« Ils tombaient comme les feuilles mortes. La lumière s’éteignait et ils n’étaient plus de ce monde. » Ces hommes et ces femmes de tous âges qui meurent par centaines dans les villages du Henan, ce sont les paysans pauvres qui, poussés par les autorités locales, ont vendu leur sang pour la fabrication du plasma. Dix ans après cette folie de collecte de sang faite sans la moindre précaution, des familles entières sont emportées par le sida. Mais si le gouvernement de Beijing a fini par admettre sa responsabilité dans ce scandale, le roman de Yan Lianke, lui, est interdit de publication dans son propre pays.

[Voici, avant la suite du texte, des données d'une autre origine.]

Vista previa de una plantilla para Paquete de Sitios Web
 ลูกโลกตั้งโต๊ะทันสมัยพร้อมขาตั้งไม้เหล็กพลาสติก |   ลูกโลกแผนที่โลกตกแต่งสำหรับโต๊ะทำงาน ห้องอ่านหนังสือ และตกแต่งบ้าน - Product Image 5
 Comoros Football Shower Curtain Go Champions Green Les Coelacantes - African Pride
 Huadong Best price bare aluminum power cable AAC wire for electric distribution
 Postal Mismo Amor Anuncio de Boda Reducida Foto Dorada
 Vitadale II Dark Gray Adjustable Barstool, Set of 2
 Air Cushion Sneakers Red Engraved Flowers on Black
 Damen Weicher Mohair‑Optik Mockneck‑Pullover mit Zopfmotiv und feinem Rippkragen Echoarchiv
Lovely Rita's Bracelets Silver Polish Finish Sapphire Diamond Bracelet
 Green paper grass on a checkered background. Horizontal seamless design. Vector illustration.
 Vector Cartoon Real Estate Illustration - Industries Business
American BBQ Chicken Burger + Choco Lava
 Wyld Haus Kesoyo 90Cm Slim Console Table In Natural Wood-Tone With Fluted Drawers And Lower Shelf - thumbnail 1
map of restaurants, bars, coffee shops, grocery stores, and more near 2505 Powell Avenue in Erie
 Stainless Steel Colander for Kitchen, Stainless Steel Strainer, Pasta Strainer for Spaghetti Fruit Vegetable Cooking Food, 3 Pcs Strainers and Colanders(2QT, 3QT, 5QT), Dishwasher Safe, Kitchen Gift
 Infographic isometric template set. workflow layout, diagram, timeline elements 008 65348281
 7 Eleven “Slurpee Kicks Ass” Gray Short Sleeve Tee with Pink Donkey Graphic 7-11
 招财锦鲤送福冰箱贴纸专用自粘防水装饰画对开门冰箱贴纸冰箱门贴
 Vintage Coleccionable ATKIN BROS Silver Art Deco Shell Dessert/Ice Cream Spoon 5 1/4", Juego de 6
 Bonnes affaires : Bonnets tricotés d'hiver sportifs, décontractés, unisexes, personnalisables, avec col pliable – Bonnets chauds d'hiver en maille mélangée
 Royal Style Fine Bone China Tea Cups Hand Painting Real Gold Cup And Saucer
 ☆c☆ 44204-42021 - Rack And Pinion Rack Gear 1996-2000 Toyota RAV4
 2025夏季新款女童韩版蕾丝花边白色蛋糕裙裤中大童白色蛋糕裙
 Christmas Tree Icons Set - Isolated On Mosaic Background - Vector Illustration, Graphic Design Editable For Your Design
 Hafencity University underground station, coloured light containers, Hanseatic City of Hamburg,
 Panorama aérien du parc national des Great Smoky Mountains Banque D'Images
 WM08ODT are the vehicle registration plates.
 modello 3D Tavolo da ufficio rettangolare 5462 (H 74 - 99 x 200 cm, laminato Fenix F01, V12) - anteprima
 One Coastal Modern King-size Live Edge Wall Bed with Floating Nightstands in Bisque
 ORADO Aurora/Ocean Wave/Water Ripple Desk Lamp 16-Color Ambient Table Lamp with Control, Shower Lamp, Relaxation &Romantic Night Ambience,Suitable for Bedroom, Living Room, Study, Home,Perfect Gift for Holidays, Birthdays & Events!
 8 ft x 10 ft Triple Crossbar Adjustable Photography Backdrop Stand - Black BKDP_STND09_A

Mais Yan Lianke est habitué au scandale. Son précédent roman, Servir le peuple, publié chez Philippe Picquier, a aussi été interdit. L’ancien écrivain de l’armée, très populaire en Chine, a écrit Le rêve du village des Ding, roman inspiré de la tragédie du Henan, poussé par la colère et la passion. Lui-même né dans cette province du centre du pays, il raconte les destinées diverses des membres d’une même famille au cœur de cette tourmente. Alors que le fils cadet du vieux Ding mourra du sida – non sans avoir bravé les interdits en vivant en concubinage avec l’épouse, aussi victime de la maladie, d’un lointain cousin -, son aîné s’enrichira avec la vente du sang puis, alors que les morts se multiplieront, avec la vente frauduleuse des cercueils et l’organisation de mariages dans l’au-delà. Cette dernière activité très lucrative donne d’ailleurs droit à des passages assez macabres où les cadavres sont déterrés et déplacés pour être enterrés de nouveau avec leur « époux » ou leur « épouse ». C’est ainsi que Ding Hui marie même son fils de douze ans, empoisonné par les villageois en représailles à sa responsabilité dans la propagation du sida, à une jeune défunte de vingt ans handicapée physique et mentale. Ce jeune garçon, dont on apprend la mort dès le début, est par ailleurs le narrateur du roman.
Roman réaliste, Le rêve du village des Ding est une véritable charge contre la corruption, le désir effréné d’enrichissement rapide, l’obscurantisme et l’effritement des valeurs morales. Un roman dur.